# ABOUT THIS EXERCISE:
Since the entries below must stay intact, return each one exactly.

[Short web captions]
......

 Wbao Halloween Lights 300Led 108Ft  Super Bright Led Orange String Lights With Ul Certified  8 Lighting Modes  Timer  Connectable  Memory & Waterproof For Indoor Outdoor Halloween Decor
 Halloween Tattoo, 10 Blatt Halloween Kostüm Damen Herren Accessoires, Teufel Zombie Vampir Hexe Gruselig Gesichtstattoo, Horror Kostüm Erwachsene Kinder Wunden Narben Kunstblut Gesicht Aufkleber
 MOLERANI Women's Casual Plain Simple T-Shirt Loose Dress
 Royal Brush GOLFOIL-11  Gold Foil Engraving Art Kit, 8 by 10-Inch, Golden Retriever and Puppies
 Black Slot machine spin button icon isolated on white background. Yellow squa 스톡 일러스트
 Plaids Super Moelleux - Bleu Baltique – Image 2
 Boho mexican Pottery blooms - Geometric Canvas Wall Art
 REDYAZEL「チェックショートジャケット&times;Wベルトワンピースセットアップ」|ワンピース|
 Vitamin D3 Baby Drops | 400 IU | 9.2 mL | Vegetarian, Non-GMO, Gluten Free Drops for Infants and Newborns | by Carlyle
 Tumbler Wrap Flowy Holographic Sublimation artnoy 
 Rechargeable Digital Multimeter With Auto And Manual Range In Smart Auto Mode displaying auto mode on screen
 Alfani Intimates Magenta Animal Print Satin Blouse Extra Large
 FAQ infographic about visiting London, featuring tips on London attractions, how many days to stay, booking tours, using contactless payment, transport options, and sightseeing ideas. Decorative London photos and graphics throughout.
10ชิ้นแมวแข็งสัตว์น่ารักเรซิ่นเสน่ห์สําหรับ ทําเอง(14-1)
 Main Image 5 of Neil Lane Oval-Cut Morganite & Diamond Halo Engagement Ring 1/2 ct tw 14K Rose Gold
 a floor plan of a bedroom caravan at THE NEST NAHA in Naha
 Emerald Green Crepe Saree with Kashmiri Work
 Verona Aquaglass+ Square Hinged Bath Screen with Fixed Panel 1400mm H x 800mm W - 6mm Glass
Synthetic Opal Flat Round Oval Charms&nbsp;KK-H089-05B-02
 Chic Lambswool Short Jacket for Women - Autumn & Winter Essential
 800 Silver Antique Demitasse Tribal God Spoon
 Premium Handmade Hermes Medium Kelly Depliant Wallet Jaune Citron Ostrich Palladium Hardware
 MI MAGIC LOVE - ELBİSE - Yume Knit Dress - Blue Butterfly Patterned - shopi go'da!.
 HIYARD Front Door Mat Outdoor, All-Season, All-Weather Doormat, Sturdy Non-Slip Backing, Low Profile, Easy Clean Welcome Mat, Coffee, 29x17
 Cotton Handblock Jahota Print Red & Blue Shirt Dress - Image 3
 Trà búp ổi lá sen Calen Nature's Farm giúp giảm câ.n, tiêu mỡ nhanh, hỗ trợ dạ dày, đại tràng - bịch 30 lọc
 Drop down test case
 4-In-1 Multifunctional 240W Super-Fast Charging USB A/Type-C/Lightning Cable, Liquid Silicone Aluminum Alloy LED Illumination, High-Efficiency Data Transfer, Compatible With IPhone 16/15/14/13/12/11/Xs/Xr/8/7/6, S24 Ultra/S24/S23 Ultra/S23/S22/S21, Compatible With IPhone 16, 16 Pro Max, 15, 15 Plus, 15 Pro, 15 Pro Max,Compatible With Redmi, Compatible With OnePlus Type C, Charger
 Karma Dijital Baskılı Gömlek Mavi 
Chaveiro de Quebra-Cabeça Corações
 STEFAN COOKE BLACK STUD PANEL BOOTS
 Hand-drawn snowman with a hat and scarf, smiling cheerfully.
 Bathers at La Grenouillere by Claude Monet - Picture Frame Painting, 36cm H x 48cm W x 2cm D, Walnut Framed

......

# RESPONSE AREA:
 Wbao Halloween Lights 300Led 108Ft  Super Bright Led Orange String Lights With Ul Certified  8 Lighting Modes  Timer  Connectable  Memory & Waterproof For Indoor Outdoor Halloween Decor
 Halloween Tattoo, 10 Blatt Halloween Kostüm Damen Herren Accessoires, Teufel Zombie Vampir Hexe Gruselig Gesichtstattoo, Horror Kostüm Erwachsene Kinder Wunden Narben Kunstblut Gesicht Aufkleber
 MOLERANI Women's Casual Plain Simple T-Shirt Loose Dress
 Royal Brush GOLFOIL-11  Gold Foil Engraving Art Kit, 8 by 10-Inch, Golden Retriever and Puppies
 Black Slot machine spin button icon isolated on white background. Yellow squa 스톡 일러스트
 Plaids Super Moelleux - Bleu Baltique – Image 2
 Boho mexican Pottery blooms - Geometric Canvas Wall Art
 REDYAZEL「チェックショートジャケット&times;Wベルトワンピースセットアップ」|ワンピース|
 Vitamin D3 Baby Drops | 400 IU | 9.2 mL | Vegetarian, Non-GMO, Gluten Free Drops for Infants and Newborns | by Carlyle
 Tumbler Wrap Flowy Holographic Sublimation artnoy 
 Rechargeable Digital Multimeter With Auto And Manual Range In Smart Auto Mode displaying auto mode on screen
 Alfani Intimates Magenta Animal Print Satin Blouse Extra Large
 FAQ infographic about visiting London, featuring tips on London attractions, how many days to stay, booking tours, using contactless payment, transport options, and sightseeing ideas. Decorative London photos and graphics throughout.
10ชิ้นแมวแข็งสัตว์น่ารักเรซิ่นเสน่ห์สําหรับ ทําเอง(14-1)
 Main Image 5 of Neil Lane Oval-Cut Morganite & Diamond Halo Engagement Ring 1/2 ct tw 14K Rose Gold
 a floor plan of a bedroom caravan at THE NEST NAHA in Naha
 Emerald Green Crepe Saree with Kashmiri Work
 Verona Aquaglass+ Square Hinged Bath Screen with Fixed Panel 1400mm H x 800mm W - 6mm Glass
Synthetic Opal Flat Round Oval Charms&nbsp;KK-H089-05B-02
 Chic Lambswool Short Jacket for Women - Autumn & Winter Essential
 800 Silver Antique Demitasse Tribal God Spoon
 Premium Handmade Hermes Medium Kelly Depliant Wallet Jaune Citron Ostrich Palladium Hardware
 MI MAGIC LOVE - ELBİSE - Yume Knit Dress - Blue Butterfly Patterned - shopi go'da!.
 HIYARD Front Door Mat Outdoor, All-Season, All-Weather Doormat, Sturdy Non-Slip Backing, Low Profile, Easy Clean Welcome Mat, Coffee, 29x17
 Cotton Handblock Jahota Print Red & Blue Shirt Dress - Image 3
 Trà búp ổi lá sen Calen Nature's Farm giúp giảm câ.n, tiêu mỡ nhanh, hỗ trợ dạ dày, đại tràng - bịch 30 lọc
 Drop down test case
 4-In-1 Multifunctional 240W Super-Fast Charging USB A/Type-C/Lightning Cable, Liquid Silicone Aluminum Alloy LED Illumination, High-Efficiency Data Transfer, Compatible With IPhone 16/15/14/13/12/11/Xs/Xr/8/7/6, S24 Ultra/S24/S23 Ultra/S23/S22/S21, Compatible With IPhone 16, 16 Pro Max, 15, 15 Plus, 15 Pro, 15 Pro Max,Compatible With Redmi, Compatible With OnePlus Type C, Charger
 Karma Dijital Baskılı Gömlek Mavi 
Chaveiro de Quebra-Cabeça Corações
 STEFAN COOKE BLACK STUD PANEL BOOTS
 Hand-drawn snowman with a hat and scarf, smiling cheerfully.
 Bathers at La Grenouillere by Claude Monet - Picture Frame Painting, 36cm H x 48cm W x 2cm D, Walnut Framed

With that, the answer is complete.